5. Because of our two-pronged approach to business ownership and because of the
limitations of conventional accounting, consolidated reported earnings may reveal relatively little about our true economic performance. Charlie and I, both as owners and managers, virtually ignore such consolidated numbers. However, we will also report to you the earnings of each major business we control, numbers we consider of great importance. These figures, along with other information we will supply about the individual businesses, should generally aid you in making judgments about them.
Warren Buffett and Charlie Munger are very knowledgeable about accounting and its limitations in presenting the best performance of companies consolidated on Berkshire's financial statements. They analyze each business and the environment that they operate in and relay their conclusions to their shareholders. They basically assist shareholders in making well-informed decisions about the operating businesses of Berkshire Hathaway. They are very honest with their evaluations as can be seen in the Chairman's letters; when businesses do well, they acknowledge that and when businesses perform below expectations, they are not shy about stating those facts either. You cannot put enough value on honest management, especially today.
6. Accounting consequences do not influence our operating or capital-allocation decisions. When acquisition costs are similar, we much prefer to purchase $2 of earnings that is not reportable by us under standard accounting principles than to purchase $1 of earnings that is reportable. This is precisely the choice that often faces us since entire businesses (whose earnings will be fully reportable) frequently sell for double the pro-rata price of small portions (whose earnings will be largely unreportable). In aggregate and over time, we expect the unreported earnings to be fully reflected in our intrinsic business value through capital gains.

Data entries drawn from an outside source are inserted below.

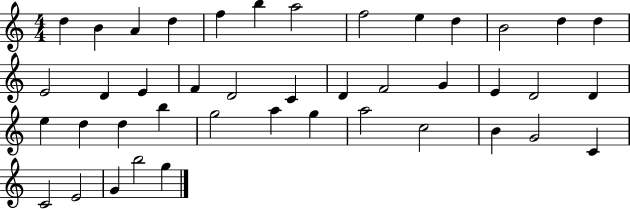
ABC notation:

X:1
T:Untitled
M:4/4
L:1/4
K:C
d B A d f b a2 f2 e d B2 d d E2 D E F D2 C D F2 G E D2 D e d d b g2 a g a2 c2 B G2 C C2 E2 G b2 g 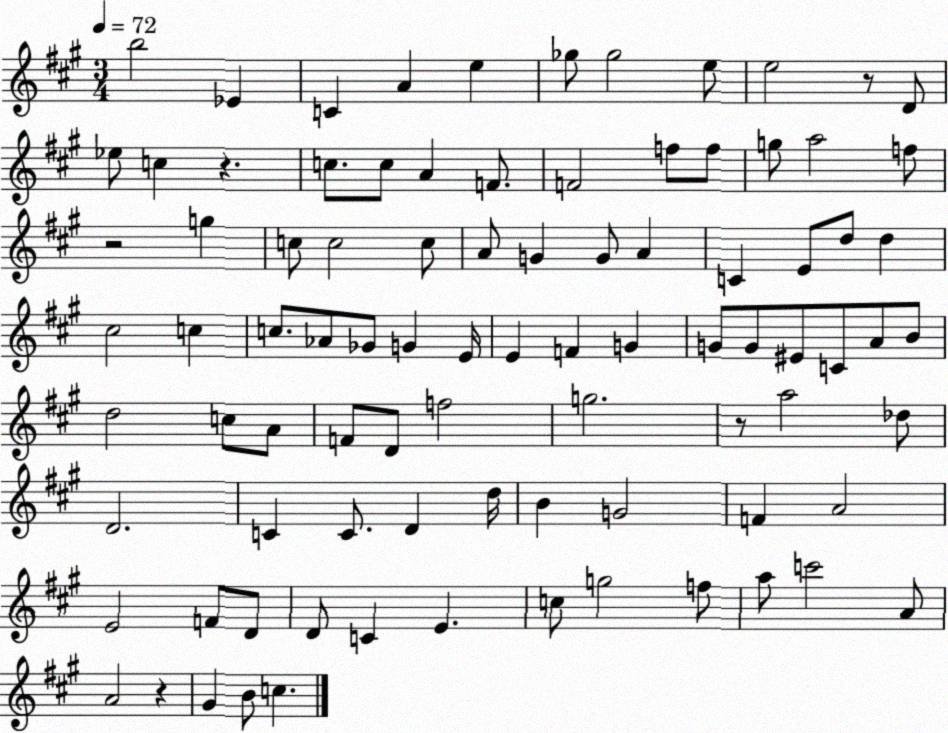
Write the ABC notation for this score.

X:1
T:Untitled
M:3/4
L:1/4
K:A
b2 _E C A e _g/2 _g2 e/2 e2 z/2 D/2 _e/2 c z c/2 c/2 A F/2 F2 f/2 f/2 g/2 a2 f/2 z2 g c/2 c2 c/2 A/2 G G/2 A C E/2 d/2 d ^c2 c c/2 _A/2 _G/2 G E/4 E F G G/2 G/2 ^E/2 C/2 A/2 B/2 d2 c/2 A/2 F/2 D/2 f2 g2 z/2 a2 _d/2 D2 C C/2 D d/4 B G2 F A2 E2 F/2 D/2 D/2 C E c/2 g2 f/2 a/2 c'2 A/2 A2 z ^G B/2 c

It is obvious that Warren Buffett takes does not focus totally on reportable numbers that appear of financial statements (using GAAP standards), but puts more emphasis on the true earnings of a company because he knows that eventually, it will be reflected in the intrinsic value of the business. It is important to buy businesses that are of greater overall value based on actual earnings and not reportable earnings; the rest will take care of itself. He also understands that there are many ways undistributed earnings can be allocated within the company that will add value to the underlying business such as repurchasing shares or reinvesting in the business. He believes these to be alternatives that should be considered as effective use of capital at certain times.
7. We use debt sparingly and, when we do borrow, we attempt to structure our loans on a long-term fixed-rate basis. We will reject interesting opportunities rather than over-leverage our balance sheet. This conservatism has penalized our results but it is the only behavior that leaves us comfortable, considering our fiduciary obligations to policyholders, lenders and the many equity holders who have committed unusually large portions of their net worth to our care. (As one of the Indianapolis “500” winners said: “To finish first, you must first finish.”)

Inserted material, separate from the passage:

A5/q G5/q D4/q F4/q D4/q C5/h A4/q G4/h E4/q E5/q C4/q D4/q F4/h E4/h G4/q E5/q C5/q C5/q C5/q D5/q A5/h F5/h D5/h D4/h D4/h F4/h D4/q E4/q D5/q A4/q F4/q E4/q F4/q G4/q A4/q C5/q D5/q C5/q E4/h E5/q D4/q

Berkshire's management does not believe in having a lot of leverage and because of the nature of the businesses they own, they generate a lot of cash (from insurance businesses) that can be used for investments and financing purchases. This cash is referred to as float and it is free once Berkshire's insurance operations break even. A no debt structure, even though, may prevent them from making huge investments that will increase returns, allows Buffett and Munger to sleep well at night because they have nothing to worry about when it comes to debt maturity dates and such. In this current turbulent times, the $40 billion in cash he has available is serving us shareholders very well. In several years, I assure you the economic value of the business will be greatly improved.

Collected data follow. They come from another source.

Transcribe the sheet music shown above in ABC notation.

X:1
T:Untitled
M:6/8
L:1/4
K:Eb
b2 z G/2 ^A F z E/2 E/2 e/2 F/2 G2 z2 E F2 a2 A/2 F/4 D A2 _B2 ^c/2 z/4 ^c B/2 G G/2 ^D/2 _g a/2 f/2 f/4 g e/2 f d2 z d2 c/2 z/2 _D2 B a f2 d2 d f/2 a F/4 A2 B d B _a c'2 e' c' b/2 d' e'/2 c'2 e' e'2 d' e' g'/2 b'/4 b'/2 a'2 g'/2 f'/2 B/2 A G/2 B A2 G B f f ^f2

8. A managerial “wish list” will not be filled at shareholder expense. We will not diversify by purchasing entire businesses at control prices that ignore long-term economic consequences to our shareholders. We will only do with your money what we would do with our own, weighing fully the values you can obtain by diversifying your own portfolios through direct purchases in the stock market.
Buffett and Munger are the most shareholder-friendly managers you can find in business today. All the purchases they make are done with the intentions of improve Berkshire's per-share intrinsic value. Once you read this document, you will see that this should serve as a model of corporate governance for all companies.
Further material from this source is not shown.